Roughly a million of them signed a
petition against exporting Baikal’s waters to China and tens of thousands took
part in demonstrations against that idea in more than 50 cities in Russia and
around the world last month (windowoneurasia2.blogspot.com/2019/03/nearly-million-russians-have-signed.html and windowoneurasia2.blogspot.com/2019/03/tens-of-thousands-of-russians-in-more.html).
Those protests forced Russian
official to suspend construction of the bottling factory and put on hold talk
of a pipeline (newsland.com/community/7411/content/ostanovleno-stroitelstvo-kitaiskogo-zavoda-na-beregu-baikala/6683155
and themoscowtimes.com/2019/03/11/russian-prosecutors-seek-to-stop-chinese-bottling-factory-at-lake-baikal-a64771).
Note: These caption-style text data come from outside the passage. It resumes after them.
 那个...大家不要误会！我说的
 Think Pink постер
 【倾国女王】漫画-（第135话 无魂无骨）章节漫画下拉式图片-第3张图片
Russian anger at this idea even prompted
one Russian satirical site to suggest that residents of the Transbaikal should
throw trash in to the lake so that the Chinese would choke on water from the
lake (intersucks.ru/общество/zhiteli-irkutska-sbrasyivayut-v-baykal-nechistotyi-chtobyi-zashhitit-ozero-ot-kitaytsev/).
Now, however,
apparently convinced Russians are focusing on China rather than on them, Moscow
officials have announced plans to increase the concentration of dangerous
substances companies can dump into Lake Baikal by a factor of ten. Such a move
will leave the city “dead,” experts say (novayagazeta.ru/articles/2019/04/02/80074-proigraet-durak-more).
The natural resources ministry has
clearly miscalculated in assuming that Russians will support the kind of
economic growth such environmental degradation will entail. The reverse is almost
certainly the case, and those who protested against China’s plans are now
likely to do the same but this time against Moscow,
And that means the Kremlin, which
under Vladimir Putin has consistently backed economic development and profit at
the expense of the environment, has transformed the issue from one in which it
could position itself as a defender of Russian interests into a different one
in which it and not some foreign country is the enemy.